_WORK REQUIRED_.
Output every line below as it stands, dropping only the images.

_SUPPLIED DATA_.
•••
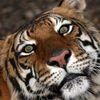 ozzewet profile image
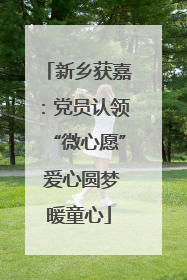 新乡获嘉：党员认领“微心愿” 爱心圆梦暖童心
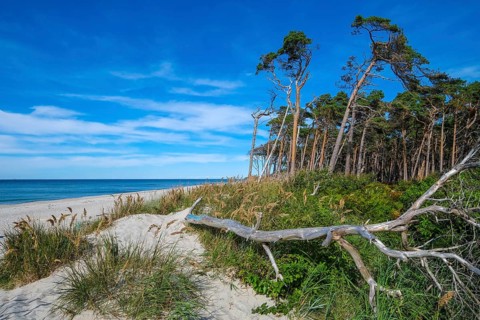 Born am Darß, Fischland-Darß-Zingst, Mecklenburg-Vorpommern, Germany, Pine forest in the dunes on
•••
_EXPECTED ANSWER_.
 ozzewet profile image
 新乡获嘉：党员认领“微心愿” 爱心圆梦暖童心
 Born am Darß, Fischland-Darß-Zingst, Mecklenburg-Vorpommern, Germany, Pine forest in the dunes on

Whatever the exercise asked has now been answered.